当たり前だが、それぞれの時間が流れてきたことを実感する。
顔を合わせることで安堵と共に各人が今までどうやってこの一年を過ごしてきたかということに無意識下で引っ張られる。
胸がいっぱいになる。
天気予報が外れて雨が降らずに済んだ。
暑くもなく、ちょうどいい天気だ。
妻のイベントごとがあるときは不思議なくらい雨が降らない。
妻は晴れ女だ。
そんな談笑をし、急な階段を上って法要の会場に移動する。
馴染みのお坊さんが担当だった。
初めてここに来たときにお経を上げてくれたお坊さん。
妻と「お経、クセがあって面白いね。」なんて話をしたことを不意に思い出す。
法要が始まる。
日常では隠れてしまっていた、否、蓋をしていた思い出たちが鮮明に脳を駆け巡る。
たくさんの思い出の引き出しがランダムに開けられていく。
しかし、そのほとんどは闘病末期のくるしい姿だった。
蓋をしていた思い出たち。
普段は向き合えない思い出が、ここぞとばかりになだれ込む。
苦しい中、本気で病気と闘っていたことを思い出す。
その姿が浮かび涙が止まらなくなった。
やれることはお互いやりきった。
それでもやはり苦しみに引っ張られる思い出もある。
今は100%受け入れることはできないけど、少しずつ無理のない範囲で長い時間をかけて受け入れていく。
焼香時の手順もぐちゃぐちゃだ。
あっぷあっぷだったけど、それでいいと思った。
法要が結びに差し掛かる。
お坊さんからのありがたい言葉にもう一波。感情が揺れる。
涙を流しきって会場をあとにする。
お寺の近くの家の窓際では置物のような猫が佇んでいた。
「動いた動いた。」と笑いあうその瞬間が少し幸せだった。
お墓の前で手を合わせる。
みんなで来たよ。
今日はお花が一段と充実してるよ。
また来月来るね。
いつもありがとう。
手短に手を合わせて、食事会場へ移動した。
その時に食べた蕎麦はとても美味しかった。
ここの蕎麦屋の話をすると長くなるので割愛。
そう、いい思い出もたくさんあるんだ。
妻の家族と「また明後日。」と挨拶し帰宅した。
2022年9月25日
妻の通っていたクラシックギター教室の方々が追悼演奏会を開いてくれることになった。
つくづく妻の人徳に感心する。
会場は新大久保駅から少し歩いたところだった。
早めに着いたので新大久保らしいお店でランチを取ろうと思っていたが、人混みと街の雰囲気に酔ってしまった。

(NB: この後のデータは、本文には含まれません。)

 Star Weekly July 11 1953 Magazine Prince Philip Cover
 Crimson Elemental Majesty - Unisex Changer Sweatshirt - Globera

結局新大久保らしいランチは諦め、いつでも食べられる駅前のフレッシュネスバーガーに駆け込んだ。
マッシュルームの入った期間限定メニューをいそいそと食べた。
ナビに沿って道を進んでいく。
会場の名前を覚えていなかったが、着いた場所は妻がかつて演奏したことがある場所だった。
ここだったのか。
あの日も暑かったはずだ。
受付で感謝の気持ちと共に手土産を渡す。
すると厚みのあるパンフレットを渡された。
「これは絶対泣くやつ。」
受け取った時点でそう確信した。
妻の親友も駆け付けてくれた。
妻が以前ここで演奏したときも一緒に聞いたような。
ひとつひとつの思い出がひらかれて、また別の思い出へリンクしていく。
会場後方で妻の父・母・姉と合流。
開演までは受付でもらったパンフレットを見て過ごす。
合流時点で3人が泣いていた理由はやはりこのパンフレットだった。
妻との思い出、思い出に沿った写真。
今日演奏する曲目。
妻とその曲にまつわる思い出。
数十枚にわたって濃厚な想いが書き寄せられていた。
永久保存版のそのパンフレットを滲ませないように気を付けながら演奏を聴いた。
思えば、クラシックギターの音色を聴くこと自体が久し振りだった。
生前は仕事が終わるとよくギターケースを開けて、取り組んでいる曲を毎日のように練習していた。
日に日になめらかになっていくあの演奏を、思い出す。
今思えばあの練習風景はとても贅沢な時間だった。
ソロ、デュオ、アンサンブル。
様々なかたちで妻との思い出の曲たちが奏でられていく。
妻は大学生時代からこの教室に通っていたので、ギター教室のひとのほとんどが私より妻との付き合いが長い。
学生時代から知っていてくれている。
同じ趣味を持つ仲間であり、家族に似た雰囲気も感じていた。
スペインへ演奏をしに行ったときの思い出。
合宿をしたときの思い出。
アンサンブルの演奏会の準備を一緒にした思い出。
演奏を聴きながら、それぞれの思い出を綴った文章を読んでいたので涙はほとんど乾く間がなかった。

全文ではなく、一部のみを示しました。